Binden auf der Bending Feathers: Gray Ghost und Co.
Seit vielen Jahren habe ich eine Schwäche für klassische Streamer aus New England. In ihrer teilweise recht farbenfrohen Erscheinungsform mit Jungle Cock Federn als Wange oder Auge ähneln sie ein wenig den aufwändig gebundenen traditionellen Featherwing Salmon Flies. Eine Pionierin dieses Bindestils war die Hutmacherin Carrie Stevens. Sie lebte in der ersten Hälfte des letzten Jahrhunderts mit ihrem Ehemann Wally Stevens, einem professionellen Fishing-Guide, in der Rangeley Lake Region in Maine, damals wie heute ein beliebtes Angel- und Jagdgebiet für die Erholung suchenden Einwohner der großen Städte an der Ostküste der USA. Ihre bekannteste Kreation war sicher der Gray Ghost, ein Streamer der heute noch in mancher Fliegendose zu finden ist. Allerdings stellt sich die Frage, ob diese Muster immer auch korrekt gebunden wurden. Beim Binden wandte Mrs. Stevens nämlich gerne einen besonderen und entscheidenden Trick an: Die Hauptschwinge und die darübergelegte Schulterfeder klebte sie zuerst extern zusammen und band diese fertigen „Module“ im letzten Bindeabschnitt nicht oben auf den Hakenschenkel, sondern seitlich ein. Das ergab ein sehr stromlinienförmiges Muster und somit die gelungene Imitation eines schlanken Kleinfisches.
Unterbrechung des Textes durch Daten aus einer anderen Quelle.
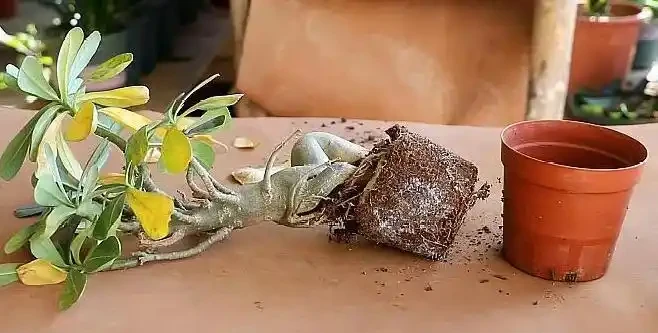沙漠玫瑰黃葉掉葉怎麼回事？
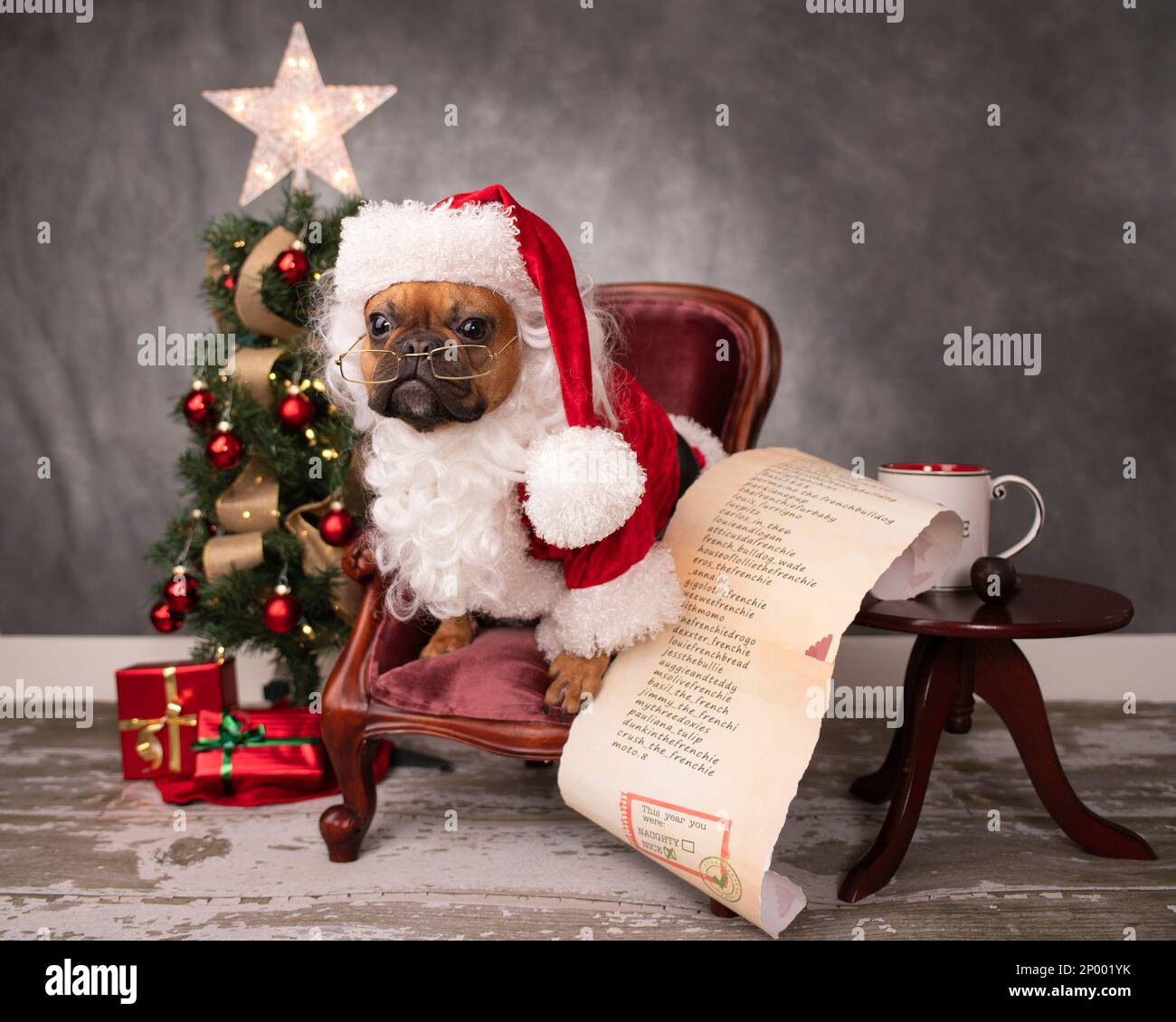Rote französische Bulldogge in weihnachtsmann-Anzug Sittingon-Sessel aus Samt neben dem weihnachtsbaum mit Namensliste auf dem Tisch mit Tasse. Stockfoto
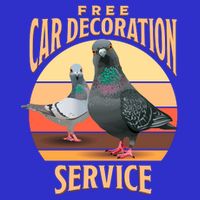 Funny Pigeon Car Decoration Service T-Shirt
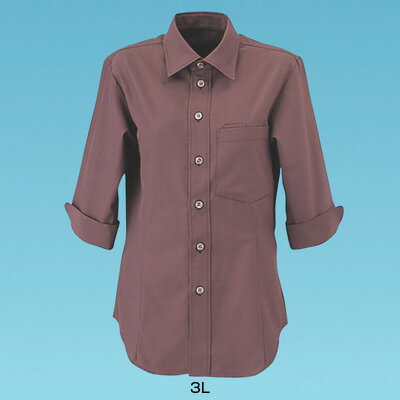 男女兼用ショップコート ET-5733 3L 【ショコラ】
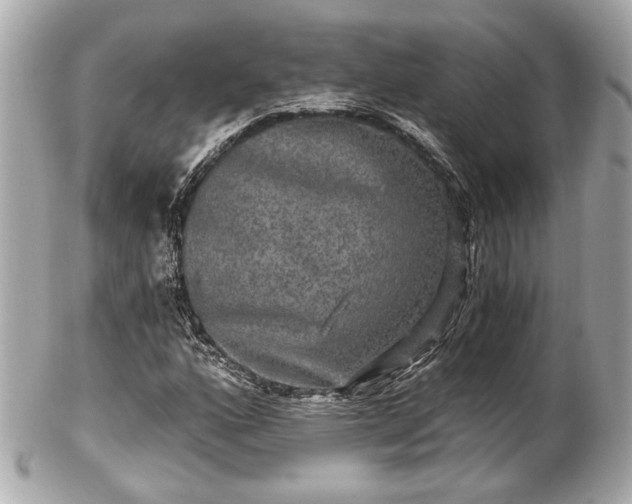 X0000102491160200808151449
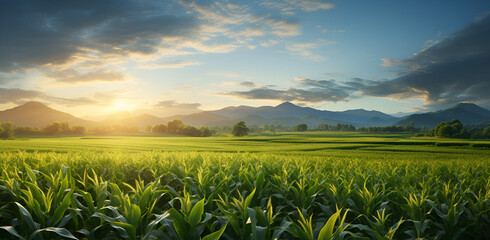 Sunrise over a Big Corn Field on a Sunlit Land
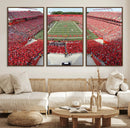 Rutgers Scarlet Knights Football Team Print - Piscataway SHI by MyGreatCanvas | Canvas Wall Art Prints | Photo Prints & Wall Decor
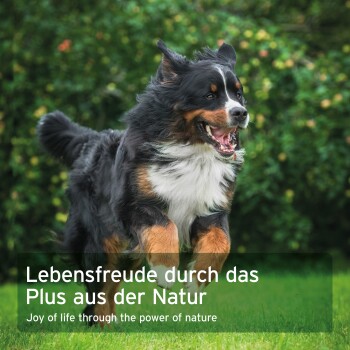 Berner Sennenhund läuft auf Gras, eingeblendeter Text 'Lebensfreude durch das Plus aus der Natur' / 'Joy of life through nature'.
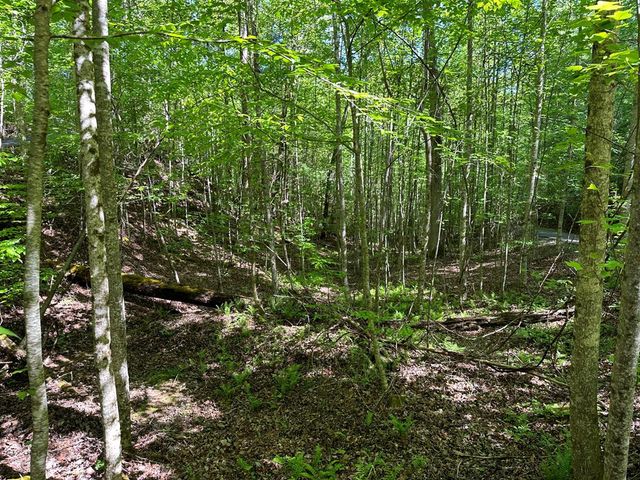 0 Reserve Estates, Murphy, NC 28906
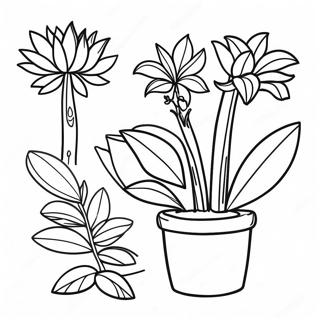 Parts of a Plant Coloring Page | Parts of a Plant 塗色頁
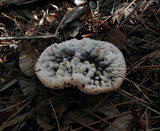 Hydnellum peckii image
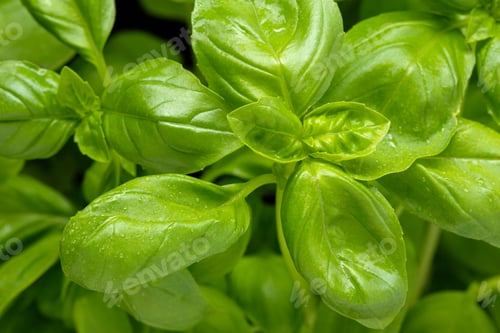 Preview: Fresh basil herb close up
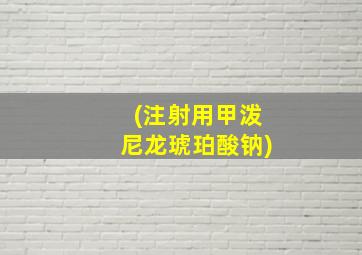 (注射用甲泼尼龙琥珀酸钠)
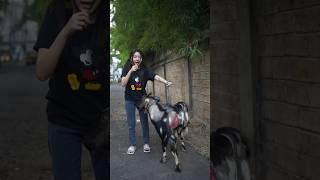 Wawancara kambing quiu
Eine ganze Reihe von Fliegenbindern hat diesen Bindestil in der Folge übernommen, weiterentwickelt und eigene Kreationen hervorgebracht. Das Schöne daran: Auch heute noch kann jeder eigene Versionen entwickeln. Traditionelle, natürliche Materialien dürfen mit modernen, künstlichen ergänzt werden. Ein paar integrierte glitzernde Flash-Fäden spielen im Wasser besonders schön und erzeugen attraktive Lichtreflexe. Ob die Erscheinungsform des Streamers nun eher imitativ ist oder in Richtung eines bunten „Attractors“ geht, die Fische werden ihn interessant finden. Ich selbst hatte schon vor etwa 30 Jahren mein besonderes Erfolgserlebnis. Auf dem Lough Mask, im Westen Irlands, schleppte ich zum ersten Mal eine selbstgebundene Variante des Gray Ghost bei langsam laufendem Außenbordmotor hinter dem Boot her. Tatsächlich schlug irgendwann die Rute aus und nach einem ziemlich heftigen Drill durfte ich eine 3-Kilo Brown Trout an Bord holen. Die zweitgrößte wilde Forelle, die ich je gefangen hatte. Ich sah das als durchaus gelungene Einführung dieser Streamerart an…
Bei der Herstellung dieser Muster kann man sich an die Vorbilder halten oder die eigene Phantasie spielen lassen. Es gibt reichlich Entfaltungsraum zum Experimentieren und garantiert jede Menge Bindespaß. Während Bending Feathers zeige ich Ihnen gerne verschiedene Beispiele in der Bindeweise von Carrie Stevens.